L’entourage de M. Poilievre a fait savoir cette semaine qu’il avait invité Brian Mulroney et sa femme Mila à un souper à Stornoway, la résidence officielle du chef de l’opposition à Ottawa, pour lui demander des conseils politiques. M. Poilievre a aussi parlé cette semaine au téléphone avec Jean Charest, Erin O’Toole et Peter MacKay — signe d’une tentative de sa part de réparer les pots cassés et d’unir le parti. Dans une entrevue au Globe and Mail, l’ancien premier ministre progressiste-conservateur a dit avoir prévenu son interlocuteur de la nécessité d’occuper le centre de l’échiquier politique, ou de « pêcher là où les poissons se trouvent ». Les élections au Canada « se gagnent au centre.

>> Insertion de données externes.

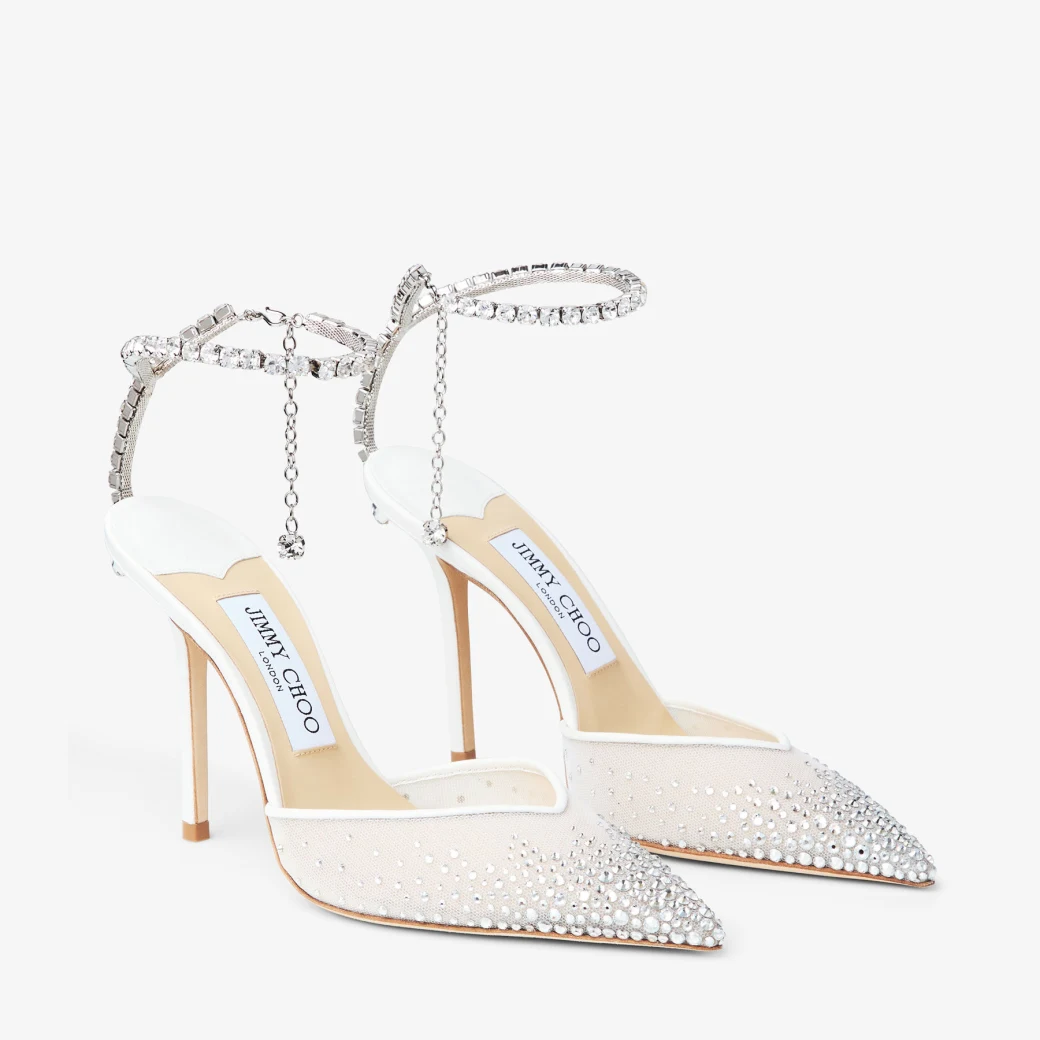 [TOP] Jimmy Choo Saeda 100 White Mesh Crystal Pumps - White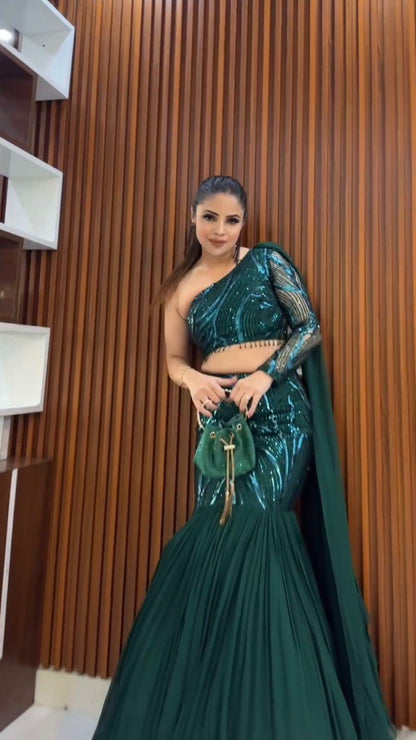 LEHENGA AND BLOUSE WITH ATTACHED DUPATTA SAREE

Vous ne pourrez jamais gagner une élection depuis l’un ou l’autre de ses extrêmes ». Mais, toujours au Globe, M. Mulroney a admis ignorer si le nouveau chef conservateur comptait suivre ses conseils.

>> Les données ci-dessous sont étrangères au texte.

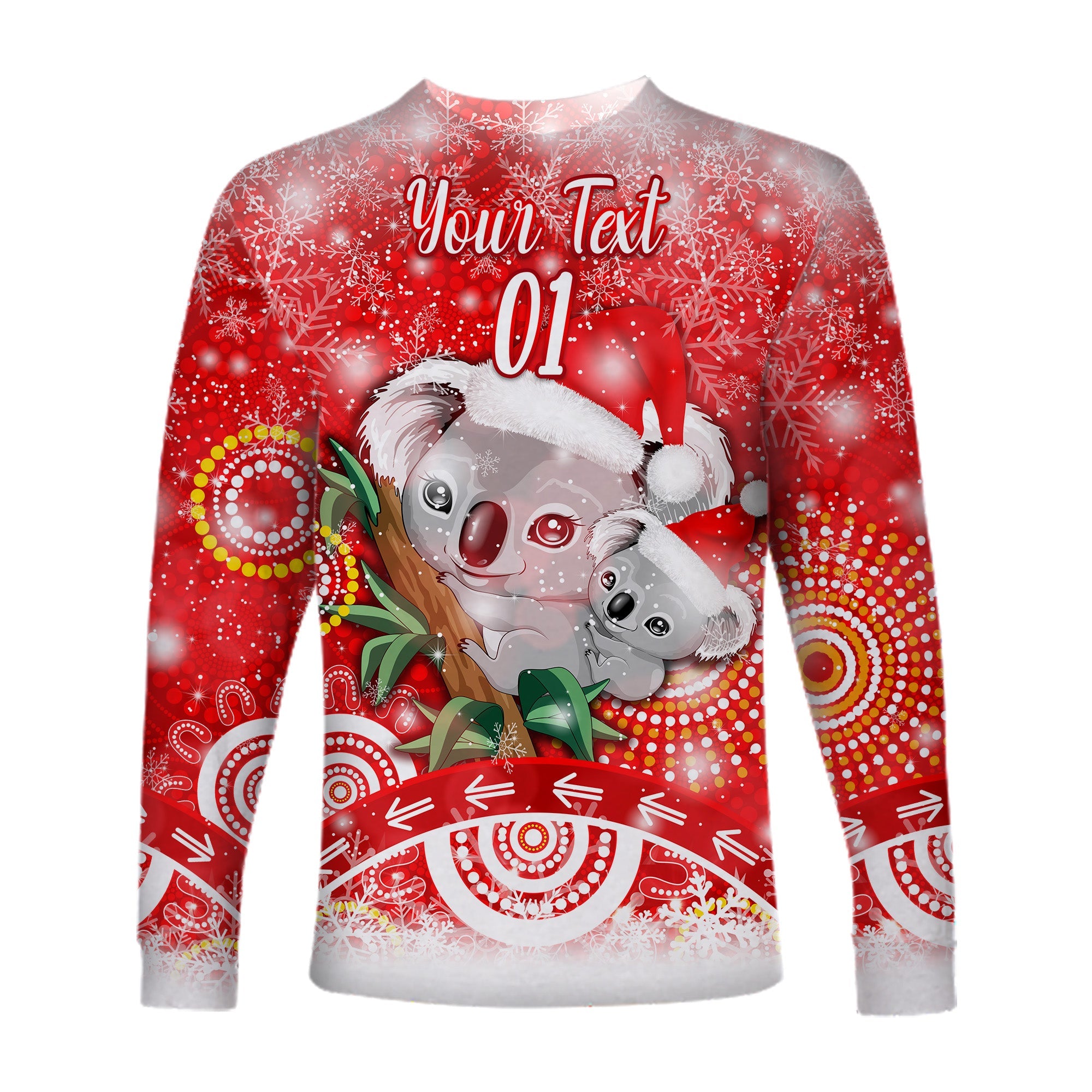 custom-personalised-australia-koala-christmas-long-sleeve-shirt-original-style-red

Il n’est pas clair si le principal intéressé le sait lui-même encore. Jeudi en soirée, après que la nouvelle eut filtré que M. Trudeau avait autorisé le retrait de certaines mesures sanitaires à la frontière, dont l’utilisation obligatoire de l’application ArriveCAN, M. Poilievre a publié une vidéo sur Twitter dans laquelle il se félicite d’avoir été à l’origine de cette volte-face du gouvernement libéral. « Nous gagnons, a-t-il dit. Ça ne fait que deux semaines que je suis chef et Trudeau recule sur ses obligations vaccinales et rend volontaire la désastreuse application ArriveCAN. On continue. »

Si certains stratèges conservateurs demeurent convaincus que M. Poilievre doit rester fidèle aux thèmes et au ton qui lui ont permis de mobiliser près de 300 000 militants durant la course à la chefferie, d’autres croient que le moment est venu pour lui de se présenter aux Canadiens, dont la plupart n’auront pas suivi la course à la chefferie, sous un éclairage plus doux. Seul le temps nous dira si M. Poilievre, un disciple depuis l’adolescence des principes néolibéraux formulés par l’économiste Milton Friedman au milieu du siècle dernier, s’avérera capable d’un tel virage. Mais les libéraux devraient planifier leur automne en conséquence.